Marpon et Flammarion (p. 59-68).

LES FRANCS-TIREURS


Écrit pendant le siège de Paris.

On prenait le thé l’autre soir chez le tabellion de Nanterre. J’emploie avec plaisir ce vieux mot de tabellion, parce qu’il est bien dans la couleur Pompadour du joli village où fleurissent les rosières, et de l’antique salon où nous étions assis autour d’un feu de racines, flambant dans une grande cheminée à fleurs de lis… Le maître du logis était absent, mais son image bonasse et fine, suspendue dans un coin, présidait à la fête et souriait paisiblement, du fond d’un cadre ovale, aux singuliers convives qui remplissaient son salon.

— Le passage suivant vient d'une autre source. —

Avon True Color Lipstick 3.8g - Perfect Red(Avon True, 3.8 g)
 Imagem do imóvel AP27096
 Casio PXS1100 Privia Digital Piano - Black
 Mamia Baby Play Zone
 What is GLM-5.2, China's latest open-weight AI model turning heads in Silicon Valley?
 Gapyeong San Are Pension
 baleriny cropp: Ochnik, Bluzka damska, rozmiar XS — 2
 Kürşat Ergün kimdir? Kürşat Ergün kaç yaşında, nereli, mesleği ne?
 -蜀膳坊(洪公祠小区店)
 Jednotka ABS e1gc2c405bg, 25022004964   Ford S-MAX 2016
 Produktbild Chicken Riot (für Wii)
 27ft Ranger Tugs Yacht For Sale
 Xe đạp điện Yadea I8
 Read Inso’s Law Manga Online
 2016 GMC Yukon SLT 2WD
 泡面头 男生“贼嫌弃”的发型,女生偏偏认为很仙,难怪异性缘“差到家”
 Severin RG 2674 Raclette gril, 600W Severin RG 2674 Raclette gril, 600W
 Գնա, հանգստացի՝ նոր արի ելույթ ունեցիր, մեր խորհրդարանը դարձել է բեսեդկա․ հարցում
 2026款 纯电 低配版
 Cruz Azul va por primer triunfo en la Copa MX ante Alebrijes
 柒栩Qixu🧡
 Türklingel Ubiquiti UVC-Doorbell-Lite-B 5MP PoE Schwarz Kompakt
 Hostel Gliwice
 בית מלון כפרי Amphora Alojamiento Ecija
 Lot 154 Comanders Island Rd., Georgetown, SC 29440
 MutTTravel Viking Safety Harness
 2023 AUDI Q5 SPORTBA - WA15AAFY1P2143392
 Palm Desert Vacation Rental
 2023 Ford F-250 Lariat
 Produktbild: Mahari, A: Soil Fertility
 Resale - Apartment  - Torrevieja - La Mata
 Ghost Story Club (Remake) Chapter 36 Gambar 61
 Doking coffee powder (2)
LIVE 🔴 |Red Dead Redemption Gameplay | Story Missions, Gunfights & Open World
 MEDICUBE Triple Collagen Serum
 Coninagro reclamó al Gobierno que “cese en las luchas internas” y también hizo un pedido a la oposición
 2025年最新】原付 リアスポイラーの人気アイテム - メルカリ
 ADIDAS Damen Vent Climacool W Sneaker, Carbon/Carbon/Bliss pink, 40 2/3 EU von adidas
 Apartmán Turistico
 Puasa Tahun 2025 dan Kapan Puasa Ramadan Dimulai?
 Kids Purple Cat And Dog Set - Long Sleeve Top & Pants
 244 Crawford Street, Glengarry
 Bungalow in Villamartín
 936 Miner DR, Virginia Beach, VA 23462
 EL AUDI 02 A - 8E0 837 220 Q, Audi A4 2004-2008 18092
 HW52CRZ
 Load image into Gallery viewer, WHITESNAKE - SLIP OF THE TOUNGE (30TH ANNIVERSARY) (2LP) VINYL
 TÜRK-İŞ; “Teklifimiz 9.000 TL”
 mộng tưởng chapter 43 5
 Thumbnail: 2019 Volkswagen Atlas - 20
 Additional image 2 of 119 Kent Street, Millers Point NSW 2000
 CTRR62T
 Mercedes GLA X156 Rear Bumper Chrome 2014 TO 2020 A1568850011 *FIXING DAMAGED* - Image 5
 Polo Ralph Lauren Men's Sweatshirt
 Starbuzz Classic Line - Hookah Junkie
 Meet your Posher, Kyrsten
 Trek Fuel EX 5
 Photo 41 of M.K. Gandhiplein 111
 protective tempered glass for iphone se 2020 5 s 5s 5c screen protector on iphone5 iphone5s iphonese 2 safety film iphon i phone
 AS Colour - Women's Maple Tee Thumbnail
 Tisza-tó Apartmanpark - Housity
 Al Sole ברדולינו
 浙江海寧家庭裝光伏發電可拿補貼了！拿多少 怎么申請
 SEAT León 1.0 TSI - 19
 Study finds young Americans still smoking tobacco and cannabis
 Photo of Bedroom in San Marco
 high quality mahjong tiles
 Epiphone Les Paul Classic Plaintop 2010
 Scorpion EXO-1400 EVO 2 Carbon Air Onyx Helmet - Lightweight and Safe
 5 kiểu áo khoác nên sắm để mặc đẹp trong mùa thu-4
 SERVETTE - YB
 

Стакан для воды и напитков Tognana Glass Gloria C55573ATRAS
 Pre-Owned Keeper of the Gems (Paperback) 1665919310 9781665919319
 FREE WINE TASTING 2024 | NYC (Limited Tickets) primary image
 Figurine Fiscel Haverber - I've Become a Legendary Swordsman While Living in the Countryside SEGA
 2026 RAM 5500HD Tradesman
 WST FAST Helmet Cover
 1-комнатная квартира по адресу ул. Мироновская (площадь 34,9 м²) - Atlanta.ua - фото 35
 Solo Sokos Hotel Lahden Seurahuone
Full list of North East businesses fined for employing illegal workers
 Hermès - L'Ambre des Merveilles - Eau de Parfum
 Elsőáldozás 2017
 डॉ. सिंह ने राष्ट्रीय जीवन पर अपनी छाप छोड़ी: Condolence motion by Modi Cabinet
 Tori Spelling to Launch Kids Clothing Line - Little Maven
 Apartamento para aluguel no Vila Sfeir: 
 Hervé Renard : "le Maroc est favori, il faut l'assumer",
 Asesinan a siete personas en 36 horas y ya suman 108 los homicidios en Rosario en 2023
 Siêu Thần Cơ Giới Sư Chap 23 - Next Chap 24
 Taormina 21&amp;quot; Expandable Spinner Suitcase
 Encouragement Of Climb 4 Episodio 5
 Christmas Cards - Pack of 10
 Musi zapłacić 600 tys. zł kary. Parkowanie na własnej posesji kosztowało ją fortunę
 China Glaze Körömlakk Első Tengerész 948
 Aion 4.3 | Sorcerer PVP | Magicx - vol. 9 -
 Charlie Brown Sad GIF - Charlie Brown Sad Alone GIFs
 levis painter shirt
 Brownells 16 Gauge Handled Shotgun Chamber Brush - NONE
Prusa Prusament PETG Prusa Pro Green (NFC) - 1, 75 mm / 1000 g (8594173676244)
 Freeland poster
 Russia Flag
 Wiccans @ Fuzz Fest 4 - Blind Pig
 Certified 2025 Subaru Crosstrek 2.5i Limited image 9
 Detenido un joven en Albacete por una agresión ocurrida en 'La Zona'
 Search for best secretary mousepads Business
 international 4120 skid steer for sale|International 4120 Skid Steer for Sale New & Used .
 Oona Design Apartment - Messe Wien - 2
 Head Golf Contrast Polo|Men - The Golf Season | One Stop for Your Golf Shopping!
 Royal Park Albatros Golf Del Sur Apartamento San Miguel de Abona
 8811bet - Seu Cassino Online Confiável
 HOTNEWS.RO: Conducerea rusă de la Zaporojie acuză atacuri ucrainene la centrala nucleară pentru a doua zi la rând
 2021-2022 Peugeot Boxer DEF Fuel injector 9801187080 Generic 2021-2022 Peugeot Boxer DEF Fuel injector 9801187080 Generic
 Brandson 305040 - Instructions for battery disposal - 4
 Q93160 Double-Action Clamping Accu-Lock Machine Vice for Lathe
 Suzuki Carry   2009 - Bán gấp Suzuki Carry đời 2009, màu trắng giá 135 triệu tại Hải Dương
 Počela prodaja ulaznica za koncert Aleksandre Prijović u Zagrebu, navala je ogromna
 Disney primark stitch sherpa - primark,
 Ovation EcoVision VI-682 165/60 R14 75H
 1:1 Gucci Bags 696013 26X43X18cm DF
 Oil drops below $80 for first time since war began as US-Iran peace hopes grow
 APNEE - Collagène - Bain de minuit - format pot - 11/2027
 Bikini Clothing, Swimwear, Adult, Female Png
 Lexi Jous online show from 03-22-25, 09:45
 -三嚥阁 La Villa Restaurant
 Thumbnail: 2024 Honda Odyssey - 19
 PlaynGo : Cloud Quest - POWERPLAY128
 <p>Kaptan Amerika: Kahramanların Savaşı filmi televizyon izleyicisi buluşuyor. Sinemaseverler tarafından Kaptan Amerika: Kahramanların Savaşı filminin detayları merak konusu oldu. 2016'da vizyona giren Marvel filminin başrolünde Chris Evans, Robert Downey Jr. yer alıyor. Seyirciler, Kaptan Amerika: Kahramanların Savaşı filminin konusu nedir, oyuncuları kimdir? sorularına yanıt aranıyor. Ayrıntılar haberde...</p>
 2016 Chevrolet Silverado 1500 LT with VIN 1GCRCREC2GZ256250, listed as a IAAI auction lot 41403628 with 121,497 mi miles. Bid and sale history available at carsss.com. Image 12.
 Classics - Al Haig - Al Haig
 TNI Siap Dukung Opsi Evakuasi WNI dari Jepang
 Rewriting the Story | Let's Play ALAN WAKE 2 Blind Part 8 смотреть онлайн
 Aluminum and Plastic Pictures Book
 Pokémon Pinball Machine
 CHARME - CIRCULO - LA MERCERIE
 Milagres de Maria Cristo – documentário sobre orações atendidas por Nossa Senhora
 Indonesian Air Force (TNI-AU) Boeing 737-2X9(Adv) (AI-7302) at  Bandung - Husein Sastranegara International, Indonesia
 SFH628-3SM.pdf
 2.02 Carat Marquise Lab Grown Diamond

Drôle de monde, en effet, pour une soirée de notaire ! Des capotes galonnées, des barbes de huit jours, des képis, des cabans, de grandes bottes ; et partout, sur le piano, sur le guéridon, pêle-mêle avec les coussins de guipure, les boîtes de Spa, les corbeilles en tapisserie, des sabres et des revolvers qui traînaient. Tout cela faisait un étrange contraste avec ce logis patriarcal où flottait encore comme une odeur de pâtisseries de Nanterre, servies par une belle notaresse à des rosières en robe d’organdi… Hélas ! il n’y a plus de rosières à Nanterre. On les a remplacées par un bataillon de francs-tireurs de Paris, et c’est l’état-major du bataillon — campé dans la maison du notaire — qui nous offrait le thé ce soir-là…

Jamais le coin du feu ne m’avait paru si bon. Au dehors, le vent soufflait sur la neige et nous apportait, avec le bruit des heures grelottantes, le qui-vive des sentinelles et, de loin en loin, la détonation sourde d’un chassepot… Dans le salon on parlait peu. C’est un rude service que celui des avant-postes, et l’on est las quand vient le soir. Puis, ce parfum de bien-être intime, qui monte des théières en tourbillons de fumée blonde, nous avait tous envahis et comme hypnotisés dans les grands fauteuils du tabellion.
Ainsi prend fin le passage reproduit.